Just used Nation's vocabulary profiler on a newspaper text [original text, results]. The profiler is supposed to show you how difficult the vocabulary in a text is. If you were writing one of those simplified vocabulary graded readers like Oxford Bookworms that only uses let's say 1000 words, you could use this software to keep on track and control difficulty. This particular version at The Compleat Lexical Tutor also color codes the text to help you.

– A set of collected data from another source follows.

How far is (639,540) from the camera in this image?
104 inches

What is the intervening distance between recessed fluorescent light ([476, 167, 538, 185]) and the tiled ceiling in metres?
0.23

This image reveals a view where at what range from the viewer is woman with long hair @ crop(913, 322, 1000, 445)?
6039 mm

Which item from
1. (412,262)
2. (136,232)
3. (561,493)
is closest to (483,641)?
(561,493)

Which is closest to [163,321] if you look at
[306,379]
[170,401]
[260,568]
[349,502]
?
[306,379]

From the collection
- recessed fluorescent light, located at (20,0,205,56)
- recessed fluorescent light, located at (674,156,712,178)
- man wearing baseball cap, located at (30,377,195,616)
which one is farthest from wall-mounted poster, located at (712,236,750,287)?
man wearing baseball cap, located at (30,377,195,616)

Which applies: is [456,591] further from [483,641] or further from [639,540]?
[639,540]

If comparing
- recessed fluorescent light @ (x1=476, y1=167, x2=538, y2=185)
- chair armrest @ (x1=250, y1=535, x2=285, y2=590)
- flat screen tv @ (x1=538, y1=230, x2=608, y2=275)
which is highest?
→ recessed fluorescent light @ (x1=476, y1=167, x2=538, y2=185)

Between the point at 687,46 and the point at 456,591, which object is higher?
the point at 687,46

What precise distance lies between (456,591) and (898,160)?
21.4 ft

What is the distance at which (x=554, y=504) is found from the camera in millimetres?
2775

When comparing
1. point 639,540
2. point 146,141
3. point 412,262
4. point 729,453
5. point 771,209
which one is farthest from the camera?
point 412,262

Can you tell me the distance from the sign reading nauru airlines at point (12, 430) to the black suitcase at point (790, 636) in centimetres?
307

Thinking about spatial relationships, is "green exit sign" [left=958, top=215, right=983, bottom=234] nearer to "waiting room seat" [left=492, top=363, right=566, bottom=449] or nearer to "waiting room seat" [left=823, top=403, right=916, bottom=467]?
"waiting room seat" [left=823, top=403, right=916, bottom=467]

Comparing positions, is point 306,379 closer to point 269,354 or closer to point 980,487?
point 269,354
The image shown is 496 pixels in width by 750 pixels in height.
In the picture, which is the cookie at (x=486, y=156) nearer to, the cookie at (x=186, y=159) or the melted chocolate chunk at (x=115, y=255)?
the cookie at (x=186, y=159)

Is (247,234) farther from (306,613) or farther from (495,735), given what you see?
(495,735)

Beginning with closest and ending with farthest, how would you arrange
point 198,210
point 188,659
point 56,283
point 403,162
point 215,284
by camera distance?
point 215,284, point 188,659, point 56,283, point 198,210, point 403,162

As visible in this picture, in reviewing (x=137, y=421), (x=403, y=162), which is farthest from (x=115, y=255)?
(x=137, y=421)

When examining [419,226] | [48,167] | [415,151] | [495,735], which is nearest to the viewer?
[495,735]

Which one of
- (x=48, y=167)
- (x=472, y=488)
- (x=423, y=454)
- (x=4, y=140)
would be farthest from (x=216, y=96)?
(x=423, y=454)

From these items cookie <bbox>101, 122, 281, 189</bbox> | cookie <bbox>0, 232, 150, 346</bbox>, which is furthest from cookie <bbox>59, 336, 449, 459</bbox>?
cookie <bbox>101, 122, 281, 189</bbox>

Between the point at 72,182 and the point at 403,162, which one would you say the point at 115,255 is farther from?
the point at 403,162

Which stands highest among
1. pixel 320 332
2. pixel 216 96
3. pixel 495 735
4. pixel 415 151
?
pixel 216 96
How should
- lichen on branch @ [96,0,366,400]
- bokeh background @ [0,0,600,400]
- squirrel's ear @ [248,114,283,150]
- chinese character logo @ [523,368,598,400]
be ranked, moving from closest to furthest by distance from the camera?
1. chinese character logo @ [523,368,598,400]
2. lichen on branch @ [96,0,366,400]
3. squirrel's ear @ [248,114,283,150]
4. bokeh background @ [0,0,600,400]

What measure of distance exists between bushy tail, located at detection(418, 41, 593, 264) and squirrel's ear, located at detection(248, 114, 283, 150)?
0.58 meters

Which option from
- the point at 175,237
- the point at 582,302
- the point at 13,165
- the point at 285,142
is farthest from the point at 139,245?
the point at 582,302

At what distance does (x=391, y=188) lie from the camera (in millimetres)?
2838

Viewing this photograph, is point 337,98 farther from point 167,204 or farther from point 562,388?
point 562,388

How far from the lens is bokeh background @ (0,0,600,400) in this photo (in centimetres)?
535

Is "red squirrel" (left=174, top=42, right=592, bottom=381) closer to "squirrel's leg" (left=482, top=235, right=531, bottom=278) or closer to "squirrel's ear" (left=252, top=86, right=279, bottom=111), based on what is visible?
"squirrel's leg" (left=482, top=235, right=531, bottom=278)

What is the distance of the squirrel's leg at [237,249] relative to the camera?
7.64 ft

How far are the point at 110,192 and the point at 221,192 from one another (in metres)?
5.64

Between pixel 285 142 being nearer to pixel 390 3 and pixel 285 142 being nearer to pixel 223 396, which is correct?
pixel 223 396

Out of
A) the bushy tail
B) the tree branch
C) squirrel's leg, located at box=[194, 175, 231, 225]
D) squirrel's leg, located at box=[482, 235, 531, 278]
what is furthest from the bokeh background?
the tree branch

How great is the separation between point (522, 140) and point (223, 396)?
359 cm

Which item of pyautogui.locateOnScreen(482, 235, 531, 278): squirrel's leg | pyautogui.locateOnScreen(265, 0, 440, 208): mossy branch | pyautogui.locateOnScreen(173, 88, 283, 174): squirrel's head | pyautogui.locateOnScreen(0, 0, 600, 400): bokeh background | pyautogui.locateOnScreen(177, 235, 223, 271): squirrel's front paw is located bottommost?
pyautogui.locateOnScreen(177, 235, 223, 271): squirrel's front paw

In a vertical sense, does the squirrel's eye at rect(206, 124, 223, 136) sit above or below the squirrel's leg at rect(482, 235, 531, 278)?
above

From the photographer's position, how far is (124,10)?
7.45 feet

Now I have a complicated printout to interpret, ouch! Most of the AWL words are not the sort of words I would define for my students, too easy. Maybe a domain specific list, e.g. for economics, should be used too. The profiler allows you to add vocab lists. Here are the words that weren't in the lists:

"baht baht baht baht baht baht baht baht bangkok cane chakramon chakramon chakramon csb csb csb embarrassing ex fertiliser freight frustration hike hike hoarding inflation kilogramme kilogramme longstanding pesticides phasukvanich plaguing policymaking provinces quit reportedly retail retail shortages skyrocketing smuggling tackle tackle wholesalers"

I've define the expressions "hike prices" and "hoard" for students recently. I'd define "tackle" too. Detecting common collocations would be a nice add-on feature.

Special file formats for lessons

The Guardian uses a special format that is easy to read in emails. A short SMS message could provide everything necessary to improvise a lesson. (For a spoof on minimalist teaching see "The Ten Rules") In some environments, even in today's technologically sophisticated world, computers are unavailable or too much of a hassle to use.

Each file format can make different aspects of using a lesson easier. PDF files make printing out worksheets easier. An interactive self-correcting online elearning activity can be used at anytime without a teacher. Flash makes certain features of these activities easier like drag and drop. HTML pages are easy to read online.

There is no reason a program can't be written to reformat lessons in several different convenient formats.